If you neglected to consider the looming security deadline when you made your
New Year's resolutions, it's not too late. This is the year you can whip your facility
into tip-top security compliance.

1. Review your compliance progress. By now, you should have a program


in place to move your organization toward HIPAA-security compliance. That
doesn't mean you must be 100% ready now. You still have time, but the clock is
ticking.

2. Reassess your training program. Does the HIPAA training program you
use work? Ask staff whether they feel comfortable with the general training they
receive and what other information they want. Provide specialized training for
employees who work in specific areas (i.e., network engineers, medical records
department employees, etc.)

3. Review and modify your original risk assessment and develop your
audit program. Your initial analysis should have helped determine the flow of
ePHI in your organization and enabled you to create and enforce security policies
and procedures to fill security gaps.

To make sure you targeted the correct areas, review all critical systems that
process ePHI or other sensitive information and document the purpose of these
systems and the flow of information.
 Identify potential vulnerabilities to evaluate the likelihood and effects of the
risks you determined in your analysis.
 Audit areas of weakness.
 Determine whether the areas you initially selected are still the most
vulnerable and whether the safeguards you developed have worked thus
far.

4. Update policies, processes, and procedures. Base these on your risk-


assessment findings. Prepare to address security breaches and violations.
Review and revise (if necessary) your disaster recovery plan and business
continuation plan.

5. Review the security rule. Just as staff sometimes needs a training


refresher, you may need one yourself. Make sure you are addressing the
required standards and the addressable implementation standards, as
applicable. As a reminder, the security rule breaks mandatory standards into
administrative, physical, and technical safeguards.

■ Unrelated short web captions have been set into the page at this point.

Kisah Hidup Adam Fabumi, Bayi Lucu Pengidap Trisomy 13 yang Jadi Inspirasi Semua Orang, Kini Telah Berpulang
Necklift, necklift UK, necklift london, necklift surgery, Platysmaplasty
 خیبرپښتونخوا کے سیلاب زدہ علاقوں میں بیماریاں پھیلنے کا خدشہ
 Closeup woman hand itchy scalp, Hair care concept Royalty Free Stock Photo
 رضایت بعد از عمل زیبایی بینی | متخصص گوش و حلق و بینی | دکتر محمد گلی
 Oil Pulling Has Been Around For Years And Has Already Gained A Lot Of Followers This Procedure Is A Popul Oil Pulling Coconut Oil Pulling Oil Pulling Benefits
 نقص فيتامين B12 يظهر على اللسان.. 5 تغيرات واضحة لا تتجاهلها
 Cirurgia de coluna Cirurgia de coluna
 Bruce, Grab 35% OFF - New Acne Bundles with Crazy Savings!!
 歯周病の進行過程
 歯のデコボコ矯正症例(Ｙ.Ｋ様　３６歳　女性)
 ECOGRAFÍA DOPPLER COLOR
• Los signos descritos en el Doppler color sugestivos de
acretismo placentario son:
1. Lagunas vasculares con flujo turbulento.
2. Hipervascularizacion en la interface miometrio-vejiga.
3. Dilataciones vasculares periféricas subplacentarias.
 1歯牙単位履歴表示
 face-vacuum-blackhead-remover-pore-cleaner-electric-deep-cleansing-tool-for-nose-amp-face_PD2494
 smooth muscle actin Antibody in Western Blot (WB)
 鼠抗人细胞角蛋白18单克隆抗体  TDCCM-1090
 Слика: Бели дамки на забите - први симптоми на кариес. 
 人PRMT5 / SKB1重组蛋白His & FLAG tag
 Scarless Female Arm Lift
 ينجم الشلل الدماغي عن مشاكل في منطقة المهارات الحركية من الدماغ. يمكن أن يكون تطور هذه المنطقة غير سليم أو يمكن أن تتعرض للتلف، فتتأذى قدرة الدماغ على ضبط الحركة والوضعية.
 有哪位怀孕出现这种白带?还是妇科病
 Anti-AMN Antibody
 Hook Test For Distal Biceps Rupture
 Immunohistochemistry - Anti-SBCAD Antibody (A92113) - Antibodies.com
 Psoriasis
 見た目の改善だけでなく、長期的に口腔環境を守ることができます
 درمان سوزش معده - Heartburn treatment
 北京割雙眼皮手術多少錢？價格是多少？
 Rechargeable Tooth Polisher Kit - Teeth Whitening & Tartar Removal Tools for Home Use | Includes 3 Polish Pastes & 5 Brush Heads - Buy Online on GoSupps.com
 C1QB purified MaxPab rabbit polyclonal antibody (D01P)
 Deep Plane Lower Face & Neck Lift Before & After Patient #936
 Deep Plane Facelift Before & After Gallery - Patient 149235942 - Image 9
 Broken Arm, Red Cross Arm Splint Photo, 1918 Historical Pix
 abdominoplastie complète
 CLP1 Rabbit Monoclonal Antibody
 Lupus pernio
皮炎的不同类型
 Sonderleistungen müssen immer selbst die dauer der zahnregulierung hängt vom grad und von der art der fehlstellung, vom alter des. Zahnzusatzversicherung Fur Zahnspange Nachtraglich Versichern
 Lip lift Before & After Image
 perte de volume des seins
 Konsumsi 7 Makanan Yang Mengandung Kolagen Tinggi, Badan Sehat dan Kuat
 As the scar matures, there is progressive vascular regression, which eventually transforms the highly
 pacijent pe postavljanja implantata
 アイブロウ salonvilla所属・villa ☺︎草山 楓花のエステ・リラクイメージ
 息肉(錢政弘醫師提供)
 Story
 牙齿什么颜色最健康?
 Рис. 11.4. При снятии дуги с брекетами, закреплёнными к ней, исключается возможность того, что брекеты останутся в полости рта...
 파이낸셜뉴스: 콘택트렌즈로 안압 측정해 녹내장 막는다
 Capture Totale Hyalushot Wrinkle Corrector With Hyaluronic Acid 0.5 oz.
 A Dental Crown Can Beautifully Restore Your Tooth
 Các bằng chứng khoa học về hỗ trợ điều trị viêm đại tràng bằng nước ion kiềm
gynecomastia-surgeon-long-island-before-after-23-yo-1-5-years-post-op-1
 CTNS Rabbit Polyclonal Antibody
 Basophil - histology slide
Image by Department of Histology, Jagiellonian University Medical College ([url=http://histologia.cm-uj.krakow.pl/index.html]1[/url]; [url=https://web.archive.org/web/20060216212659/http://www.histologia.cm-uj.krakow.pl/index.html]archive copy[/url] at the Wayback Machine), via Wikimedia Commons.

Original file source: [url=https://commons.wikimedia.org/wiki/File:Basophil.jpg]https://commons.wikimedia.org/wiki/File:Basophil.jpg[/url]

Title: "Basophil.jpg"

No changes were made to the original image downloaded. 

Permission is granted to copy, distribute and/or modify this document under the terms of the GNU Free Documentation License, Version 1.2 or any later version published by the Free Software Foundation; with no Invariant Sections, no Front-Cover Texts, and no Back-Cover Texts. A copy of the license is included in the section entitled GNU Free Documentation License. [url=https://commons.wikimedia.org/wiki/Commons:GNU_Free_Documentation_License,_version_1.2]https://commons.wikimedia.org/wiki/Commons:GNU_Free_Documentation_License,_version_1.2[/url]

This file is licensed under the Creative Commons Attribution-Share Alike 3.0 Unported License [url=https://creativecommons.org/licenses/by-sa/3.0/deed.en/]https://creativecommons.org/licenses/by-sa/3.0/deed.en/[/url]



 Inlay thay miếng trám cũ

6. Hype the importance of documenting all security-related activities. If


an addressable rule specification is not reasonable and appropriate for your
organization, document why. You must then adopt an equivalent measure and
document how that meets the standard or document why you took no action and
how you meet that standard in other ways. Develop your archive process to
handle this additional documentation.

7. Reinforce the necessity for compliance. Inform staff that you will act
against those who fail to comply with your policies and procedures. Follow
through with your warnings. Consider a no-tolerance policy. If necessary, in
extreme circumstances, terminate on the spot for security breaches.